Submitted to: American Journal of Potato Research
Publication Type: Peer reviewed journal
Publication Acceptance Date: 4/24/2006
Publication Date: 4/24/2006
Citation: Vega, S.E., Bamberg, J.B., Palta, J.P. 2006. Gibberellin-deficient dwarfs in potato vary in exogenous GA3 response when the GA1 alelle is in different genetic backgrounds. American Journal of Potato Research. 83:357-363. Interpretive Summary: Potato is the most important US vegetable, and one of the best hopes for feeding an increasingly hungry world. Breeders need to keep producing better varieties to meet changing needs of the industry and preferences of consumers. Breeders get raw materials from genebanks, so it is in the interest of US Agriculture for the US Potato Genebank at Sturgeon Bay, Wisconsin to discover and characterize new genes that are in the genebank. One such trait is a genetic mutation that results in a deficiency of gibberellin (GA), a hormone, in the plant. Since GA strongly affects many important physiological processes like sprouting, starch accumulation, and tuberization, a mutant that is deficient can be a very valuable tool for studying how GA works in potato plants. When various individual mutants were grown in a highly controlled test tube environment and GA was precisely applied, we found slight differences in the timing, type of growth and degree of response. This shows that if this mutant is used for a test of GA response, one highly responsive genotype should be selected and multiplied for uniform results. The variation among mutant genotypes might also be used to identify and characterize other genes that interact with GA physiology in potato. These kinds of results improve our understanding of the role of a major hormone in potato, and, ultimately, how its physiology can be manipulated to produce a better potato crop.
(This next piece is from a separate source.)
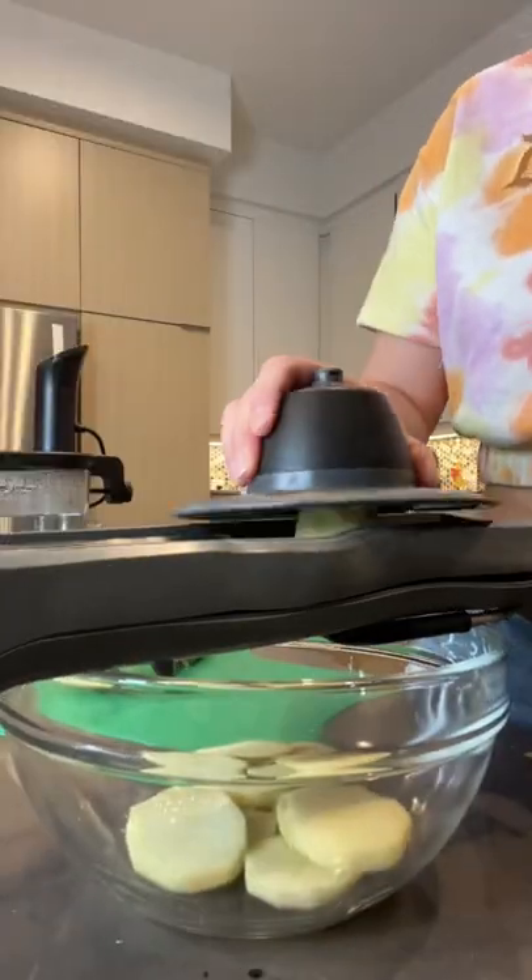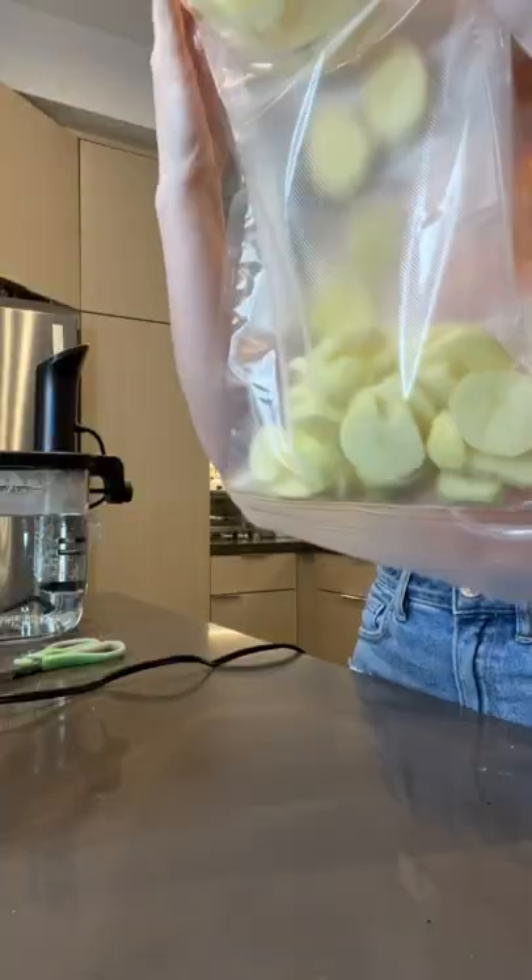My mom challenged me to make a steak dinner under water. I started by peeling some potatoes because every good steak dinner has potatoes. I cut them into half-inch slices and then put them in a bag with some butter, cream, and garlic.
Technical Abstract: In potatoes, gibberellins are involved in such important processes as seed germination, flowering, maturation, tuber dormancy and tuberization. GA-deficient mutants lack the ability to produce adequate amounts of gibberellin for normal growth, resulting in a rosette type growth and very short internodes. Diploid and tetraploid ga1 mutants were obtained by crossing the S. andigena carriers with S. chacoense and other tetraploid wild potato species. Mutants were grown on MS media containing different levels of gibberellin (GA3). Plant height and visual observations were made as a way to assess the response of these mutants to GA3. Normal growth was restored in most of the mutants when concentrations between 0.8 and 1.2 'M GA3 were used. Significant differences in sensitivity were noted in terms of GA3 requirements, time of response, type of growth (i.e. variation in translocation was evident by the failure of internode elongation in the apical area of some genotypes). The ga1 dwarf mutant may be subject to modifier genes or could even be conferred by a series of isoalleles. These results indicate that bioassays would be best conducted on one clonally-replicated genotype selected for maximum GA response. The variation among genotypes documented here also points out the opportunity to identify and characterize modifier genes that likely represent physiological processes that interact with the GA response in these mutants.